А в моём представлении Пасха крепко и навсегда слилась с деревней. Она была без всенощной, крестного хода и колокольного звона, но с ружейной канонадой. Как это было – в этом маленьком отрывке из рассказа, написанного в 1979 году.

«...Подходит время, я на цыпочках пробираюсь в комнатку за печкой, боковушку, и снимаю с гвоздя за дверью заветную берданку. Поджарая, хищная, тронутая ржавчиной бывшая трёхлинейка образца 1893 года, рассверленная позднее в дробовик двадцать восьмого калибра — для меня этот дедовский трофей Первой мировой войны дороже всего на свете.

Дед приносит патронташ, чемоданчик с припасами, и начинается работа.

Я драю ржавчину на затворе и в стволе, дед заряжает патроны. Очень вкусно пахнут эти старинные вещи — металл и порох, гарь и пыль. Дед с сомнением вертит в руках позеленевшие латунные гильзы.

— А если разорвёт? — сомневается он вслух и, наверное, не без оснований.

— Не разорвёт! — Уверяю я. — В прошлом году не разорвало, значит, и нынче не разорвёт.

Дед сомневается для порядка ещё несколько минут, но всё же отмеряет порох и забивает капсюли.

В зале нудно тикают часы: ти-кай, ти-кай, будто торопят, будто мы непременно опоздаем. Взрослые на разные лады похрапывают, когда мы с дедом осторожно, без пяти двенадцать, выходим на улицу.

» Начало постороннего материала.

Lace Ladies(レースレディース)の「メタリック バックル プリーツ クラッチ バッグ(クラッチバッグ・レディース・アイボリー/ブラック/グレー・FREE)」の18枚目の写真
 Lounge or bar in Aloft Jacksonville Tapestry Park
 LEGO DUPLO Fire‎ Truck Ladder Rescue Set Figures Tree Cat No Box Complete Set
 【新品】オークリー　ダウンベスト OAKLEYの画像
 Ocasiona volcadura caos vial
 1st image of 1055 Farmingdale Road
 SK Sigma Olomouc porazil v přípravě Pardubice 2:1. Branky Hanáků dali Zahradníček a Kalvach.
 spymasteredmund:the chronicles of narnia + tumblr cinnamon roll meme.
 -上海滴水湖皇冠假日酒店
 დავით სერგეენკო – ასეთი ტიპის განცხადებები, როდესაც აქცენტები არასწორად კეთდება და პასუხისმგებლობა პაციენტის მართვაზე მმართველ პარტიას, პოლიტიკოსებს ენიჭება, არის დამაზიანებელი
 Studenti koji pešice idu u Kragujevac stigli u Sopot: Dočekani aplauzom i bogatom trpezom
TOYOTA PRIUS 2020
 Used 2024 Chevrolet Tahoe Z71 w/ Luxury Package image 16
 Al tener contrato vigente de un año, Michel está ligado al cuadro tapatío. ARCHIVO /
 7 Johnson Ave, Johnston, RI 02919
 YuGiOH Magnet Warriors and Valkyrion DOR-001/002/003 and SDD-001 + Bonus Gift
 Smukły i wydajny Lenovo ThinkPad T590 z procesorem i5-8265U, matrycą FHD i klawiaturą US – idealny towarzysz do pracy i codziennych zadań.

...Ночь черна и густа, как сапожный крем. Замерла земля в ожидании. Только бьёт кровь в ушах, да перестукивают зубы. Дед давно ещё объяснил мне, что стреляют в эту полночь, чтобы отогнать злых духов. Церковь-то разрушена, некому заступиться. И вот...

«Ба-а-ах!» — ударяет по каждому нерву первый раскат. «Бум!» — вторит ему выстрел на другом конце деревни. И пошло, заохало по всей округе! «Цок-цок-клац» — говорит затвор в руках у деда. Взлетает к звёздам огненный сполох, уши забивает колючим звоном. «Цок-цок-клац... клац-цок-цок» — говорит в моих руках затвор. Патрон сидит в патроннике. Дрожит палец на тугом спуске. «Цок» — осечка. Кажется, все силы выстрелили из меня и ушли в дырявое от звёзд небо. «Цок-цок-клац» — повторяет затвор... Грохот, боль в плече, уши разрывают тысячи сверчков. Ещё выстрел, ещё один, ещё и ещё... Трещит и рвётся ночь. Мечутся звёзды. Саднит плечо, но унялась дрожь, весело бухает сердце — жарко!

Когда стихают выстрелы, с реки доносится хрустальный перезвон льдин. Очистилась ночь, она уже не густа, как сапожный крем, она сияет чёрным самоцветом...»

Со светлым Христовым Воскресением всех нас!